Some years before the DMCA became law, Debian filed the serial number off the Free Software Definition, added some confusion, and produced the Debian Free Software Guidelines (DFSG). Over the years the DFSG have suffered bitrot as copyright law and the strategies used to attack freedom have evolved. In particular, the DFSG predate the laws used to support DRM. With the emergence of the Creative Commons licenses, the DFSG have started to cause problems for free licensing, not surprisingly around the issue of DRM.
Debian (or rather Debian Legal) believe that the ability for DRM vendors to impose DRM on users is an important freedom that should not be limited by licenses. This is based on a misunderstanding of clause 3 of the FSD/DFSG and a romanticisation of the nature of DRM.

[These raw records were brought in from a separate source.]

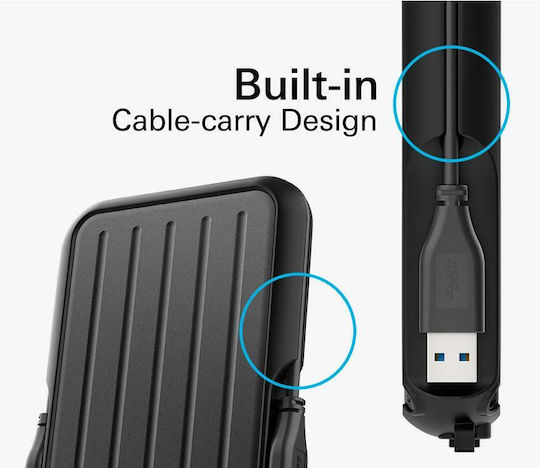 Silicon Power Armor A66 USB 3.2 External 2.5" HDD 1.0TB Black / Blue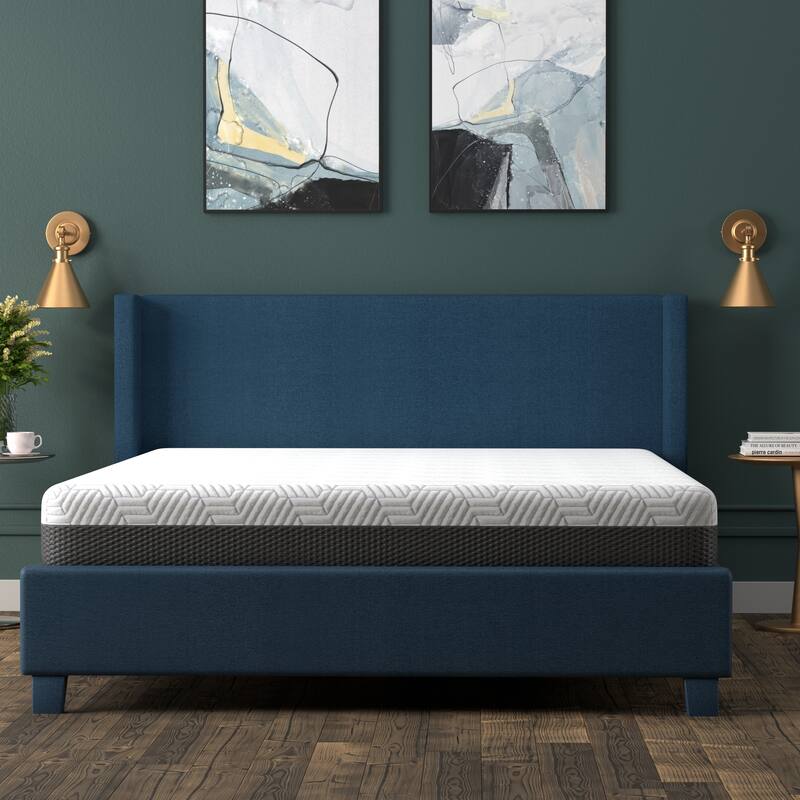 8 Inch Twin Firm Mattress With Cooling Cover - Black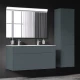 Тумба под раковину Am.Pm Inspire 2.0 M50AFHX1203GM подвесная 120 см, 3 ящика, цвет графит, матовый
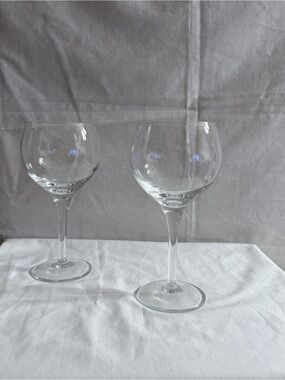 Clear Crystal Red Wine Glasses - Set of 2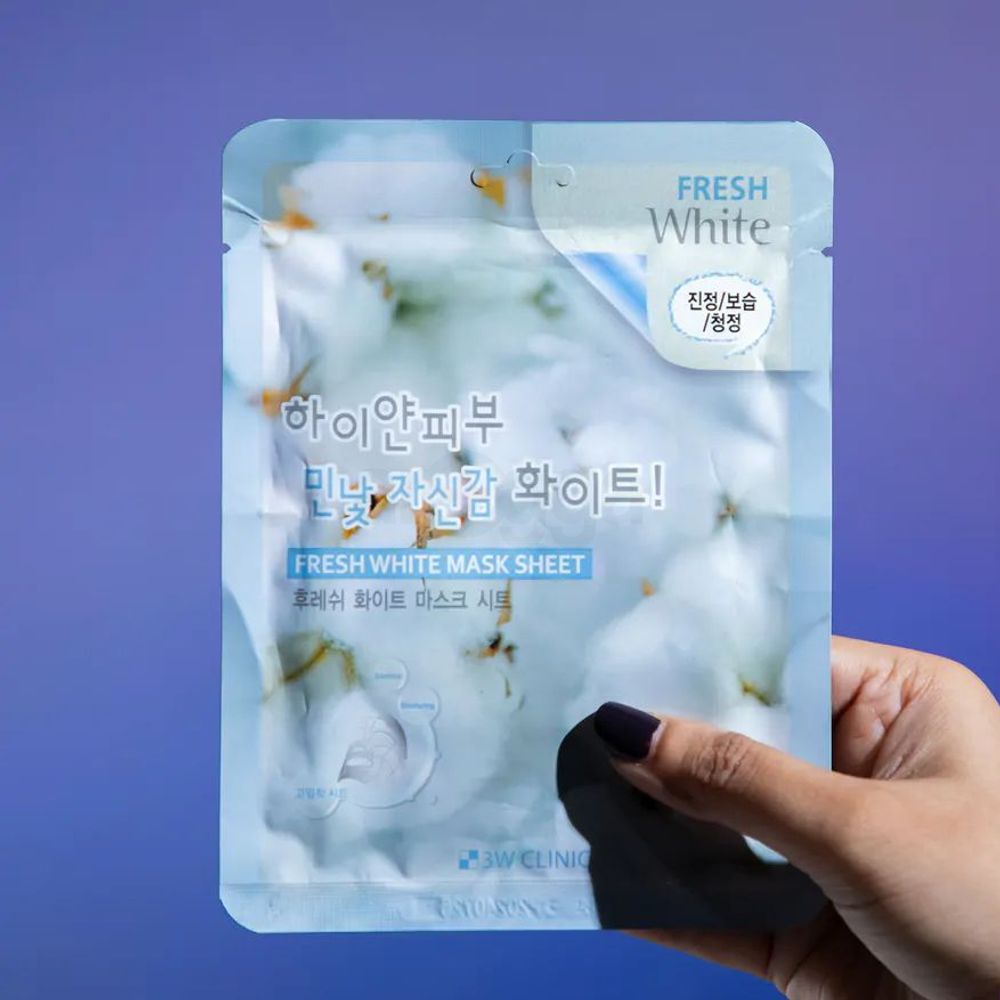 3W Clinic Fresh White Sheet Mask  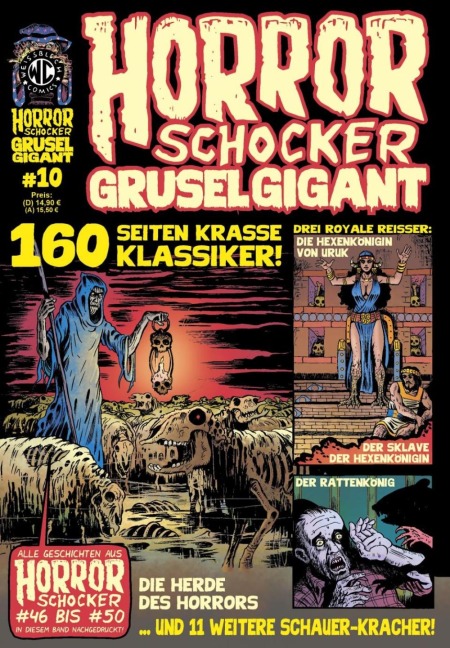 Horrorschocker Grusel Gigant 10 - Levin Kurio, Rainer F. Engel, Roman Turowski, Kolja, Andreas Butzbach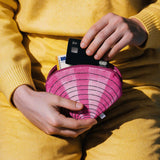 Fiskepung Musling, pink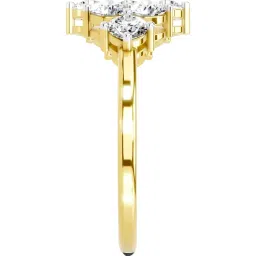 Sparkles Lab Grown Diamond 14k (585) Yellow Gold Ring Women image 4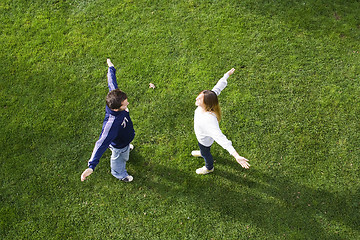 Image showing young couple outdoor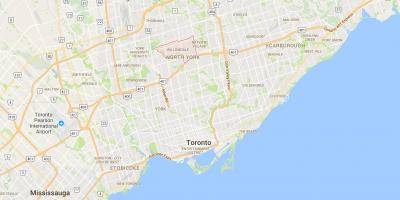 Harta e Willowdale qarkut në Toronto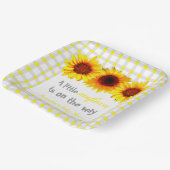 Kleine Sonnenblumendusche Pappteller (Gewinkelt)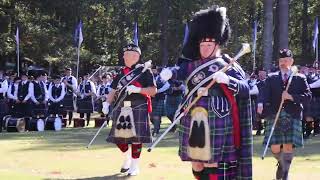 Stone Mountain Georgia Highland Games 2022 Opening Ceremony Mass Pipes and Drums pt 3 [upl. by Cardon744]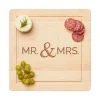 Wood Cheeseboard | Mr. & Mrs | 12 x 12"-Maple Online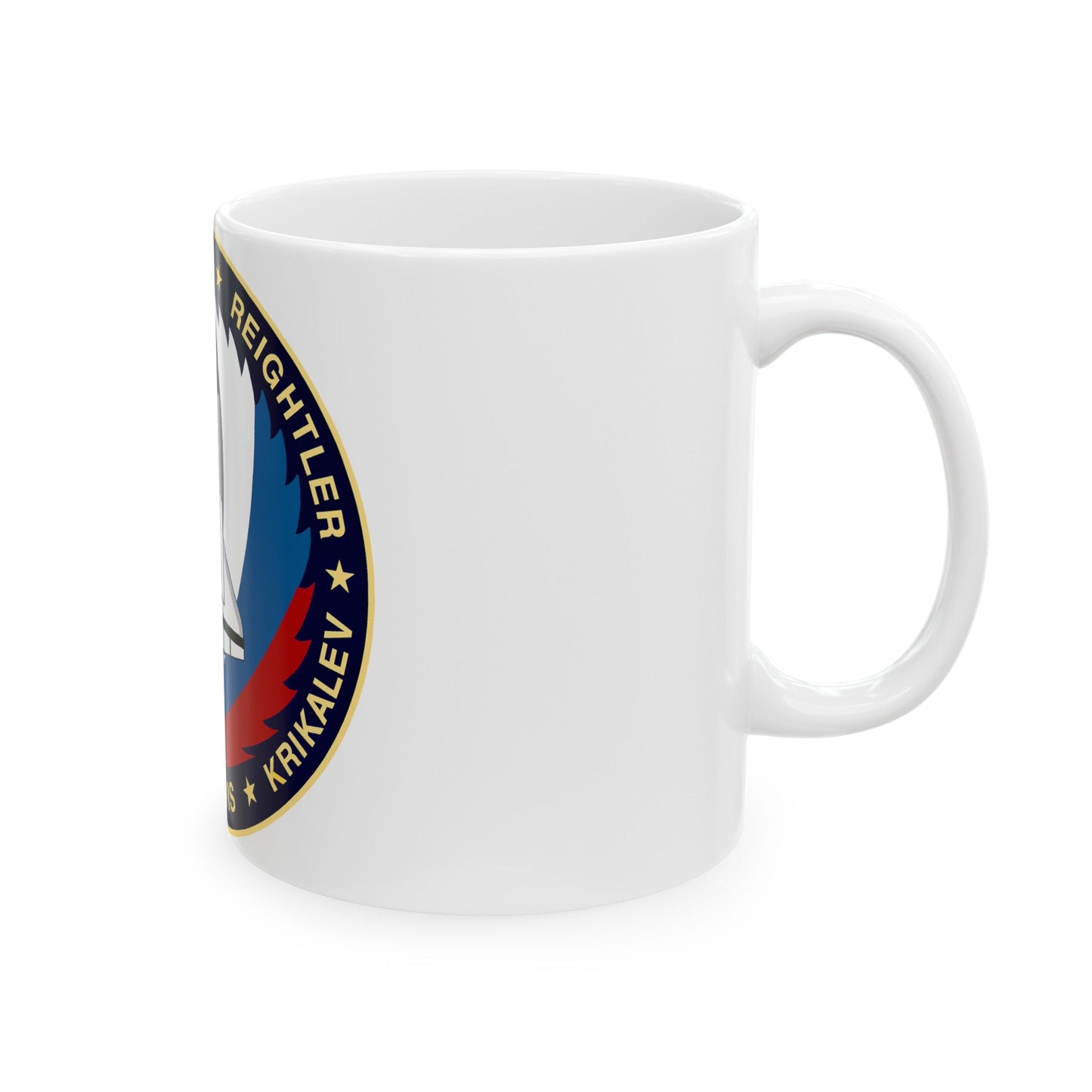 STS 60 (NASA) White Coffee Mug-The Sticker Space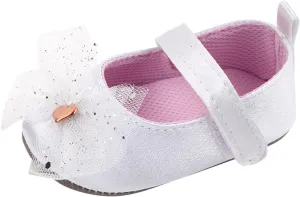 Baby Infant Boy Girl Sandals Shoes First Walkers Prewalkers Soft Anti-Slip Sole Flat Shoes Fashion (White, 4.5 Toddler)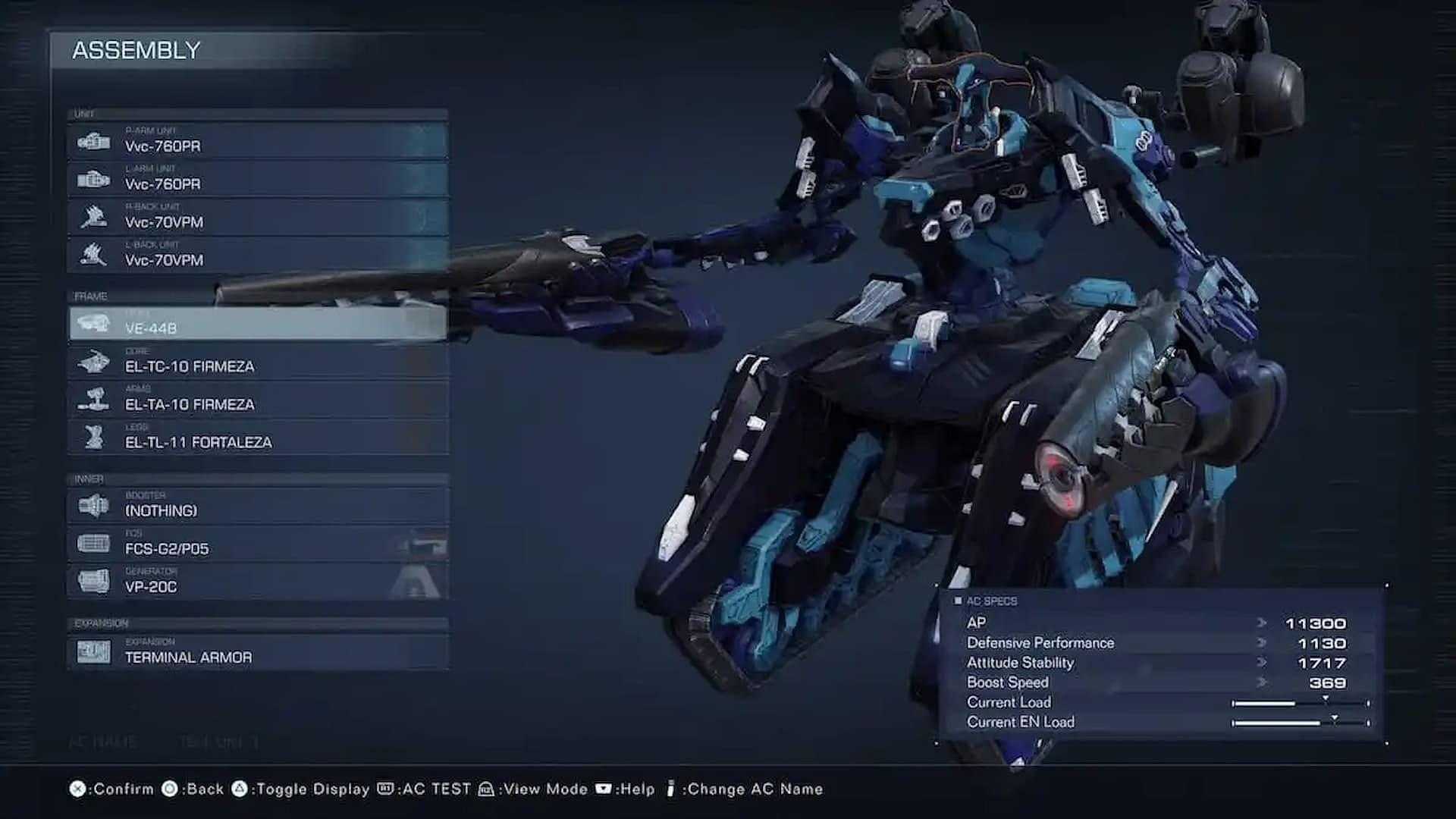 Use the VVC-760PR for this Armored Core 6 build (Image via FromSoftware)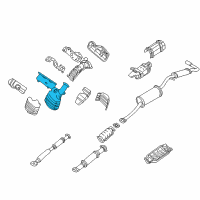 OEM Nissan Quest Manifold Assembly-Exhaust With Catalyst Diagram - 14002-7B510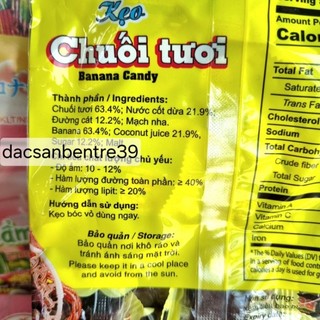 Kẹo chuối tươi Bến Tre ( bịch 400g )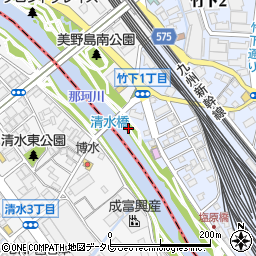 清水橋周辺の地図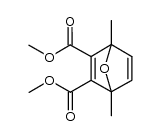 dimethyl 1,4-dimethyl-7-oxabicyclo[2.2.1]hepta-2,5-diene-2,3-dicarboxylate结构式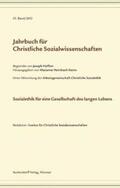 Heimbach-Steins |  Jahrbuch für christliche Sozialwissenschaften / Sozialethik für eine Gesellschaft des langen Lebens | Buch |  Sack Fachmedien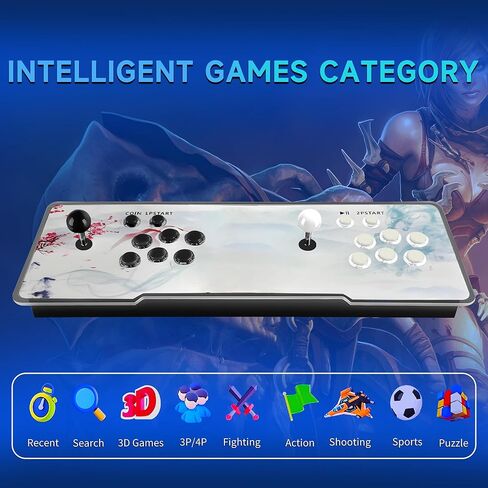 Pandora Box Arcade، 29800 لعبة في وحدة تحكم ألعاب أركيد واحدة، آلة ألعاب ريترو بدقة 1280 × 720 عالية الدقة للكمبيوتر الشخصي وجهاز العرض والتلفزيون 2-4 لاعبين ألعاب ثلاثية الأبعاد قائمة مفضلة حفظ/بحث/إخفاء/إيقاف مؤقت/حذف اللعبة in Kuwait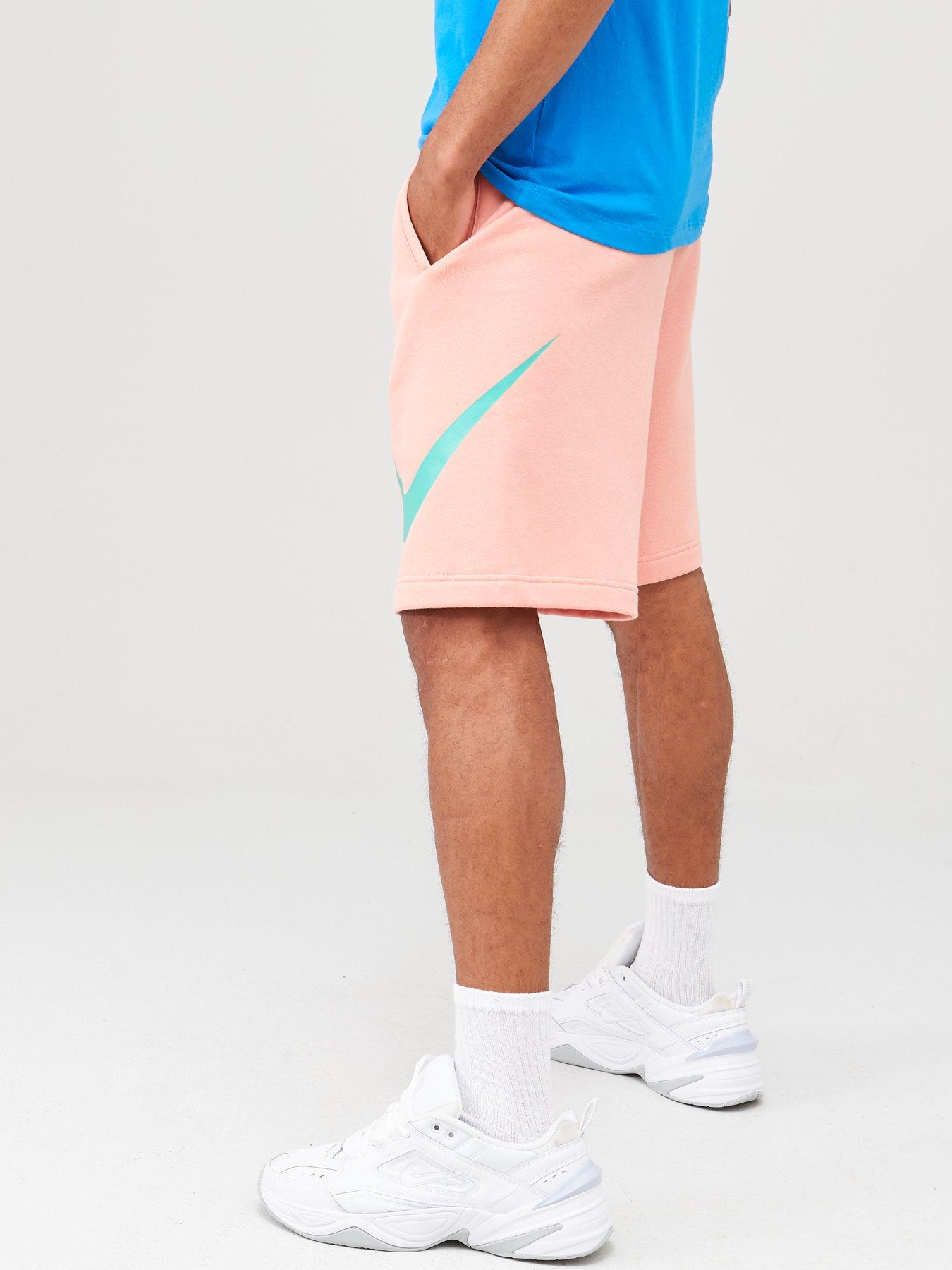 nike club shorts pink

The misunderstanding of clause 3 (no restriction of where or how work can be used) is a simple one. Taken literally clause 3 means that the GPL is not free because you cannot “use” the code to produce proprietary works. This is the line that BSD apologists take. It is a simple category error. DRM can make copyleft content effectively proprietary and undo the freedoms given by the license if the license on the work does not recognise the existence of DRM. It is illogical to argue that licenses that recognise this possible removal of freedom are restrictive. A society that forbids people from owning slaves is not less free than a society that allows slavery. Restrictions on restrictions on freedom are protections of freedom, not impositions of unfreedom in any meaningful sense.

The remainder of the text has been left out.